Financial Appraisal of Railway Projects - DCF - Discounted Cash Flow Method

 

Financial Appraisal of Railway Projects

By M. Nageswara Rao, www.appendix3exam.com

 

Source: Chapter II of IR Finance Code Volume I

      What is Justification? Justification means the action of showing something to be right or reasonable.

      What is Financial?  Financial means money, investment etc.

      In simple Financial Justification means the money invested should be reasonable or right.

      Investment decisions   - Most Interesting and most difficult decisions to be made by the Management – for erstwhile Demand No. 16

      Fundamental to the Railway system as a commercial undertaking that expenditure incurred on New Assets/Improvement of existing Assets should be financially justified and sanctioned before it is actually incurred.

Exceptions to Financial Justification:

  1. Revenue expenditure under erstwhile Demands Nos 1 to 15
  2. Unavoidable expenditure on considerations of Safety
  3. Passenger amenity works
  4. Labour welfare works (however in case of Residential Buildings i.e., Railway quarters – 6 % Assessed Rent is required)

Note: However if the above items i.e., 1 to 4 forms a part of the whole scheme  - The total cost of the whole scheme inclusive of above works should be financially justified.

      Savings of one Zonal Railway at the expense/loss of another Zonal Railway – In such cases, interest of Railways as a whole should be considered for assessment of Financial justification.

      No credit should be given to a proposed scheme for saving, which can be achieved regardless of whether the proposed scheme is or is not embarked upon,

Scrutiny by Accounts Officer:

      As a Financial Adviser to the Administration, should carefully scrutinize the justification for proposed expenditure.

      While scrutinizing, he/she should refer to Chapter II of Finance Code Volume One, Canons of Financial Propriety and other related instructions received from Railway Board from time to time.

      Even in cases, where Rate of Return is not a determining factor, he/she (Financial Adviser) can offer advice on the general merits of proposal in the spirit of a prudent individual spending his/her own money (one of the canons of financial propriety)

 

Test of Remunerativeness: (Rate of Return)

      Minimum of 10 % on Initial Estimated cost.

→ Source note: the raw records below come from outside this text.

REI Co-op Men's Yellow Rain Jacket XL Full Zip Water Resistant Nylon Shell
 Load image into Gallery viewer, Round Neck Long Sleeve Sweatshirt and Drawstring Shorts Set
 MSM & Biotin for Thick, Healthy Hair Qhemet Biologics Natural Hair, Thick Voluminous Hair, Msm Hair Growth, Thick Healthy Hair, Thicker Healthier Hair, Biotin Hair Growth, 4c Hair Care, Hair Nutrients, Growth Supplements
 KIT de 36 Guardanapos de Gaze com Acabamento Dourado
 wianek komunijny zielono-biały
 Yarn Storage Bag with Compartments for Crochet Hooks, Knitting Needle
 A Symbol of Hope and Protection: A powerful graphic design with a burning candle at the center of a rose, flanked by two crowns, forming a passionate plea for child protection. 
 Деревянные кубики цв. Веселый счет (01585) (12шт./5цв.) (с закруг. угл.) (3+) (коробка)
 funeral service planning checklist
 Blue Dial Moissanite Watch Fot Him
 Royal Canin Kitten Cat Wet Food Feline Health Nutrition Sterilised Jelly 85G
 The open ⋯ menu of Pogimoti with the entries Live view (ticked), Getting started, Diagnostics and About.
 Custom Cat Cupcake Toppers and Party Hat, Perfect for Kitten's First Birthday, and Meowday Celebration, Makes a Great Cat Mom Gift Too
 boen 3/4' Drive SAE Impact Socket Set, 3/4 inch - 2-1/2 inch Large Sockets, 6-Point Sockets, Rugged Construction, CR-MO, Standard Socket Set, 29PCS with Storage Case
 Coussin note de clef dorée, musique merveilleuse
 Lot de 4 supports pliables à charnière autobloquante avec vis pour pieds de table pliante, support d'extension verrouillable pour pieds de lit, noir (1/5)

      Exceptions are Assisted Sidings & Residential Buildings (for which separate rules are existed)

      Savings in expenditure or increase in net earnings or combination of both.

      Interest during construction – should be added to the cost (subject to construction of which is likely to last for more than one year)

      Depreciation – ignored as an element of working expenses in Annual Cash flow under DCF Method.

Test of Remunerativeness must for the following ones:

  1. New Lines
  2.  Line Capacity Works

A.      Gauge conversions

B.      Doubling

C.      Signaling schemes

D.      Provision of Addl Loops / Lengthening of Loops

E.       Crossing Stations

F.       Strengthening electrical Substations

  1. Yard remodeling and terminal facilities
  2. Microwave & other telecommunication works
  3. Change of Traction & provision of Loco Sheds there for
  4. Introduction of New services – Passenger trains, container services, street delivery & collection, outagencies
  5. Workshops (Production Units & Repair Workshops)

 

      Sometimes, it is necessary to reject more economical alternatives (say 20% ROR), because of consideration on which it is difficult to put a precise money value & choose less economical (say 16%) .  But reasons should be recorded for resorting to a less economical one.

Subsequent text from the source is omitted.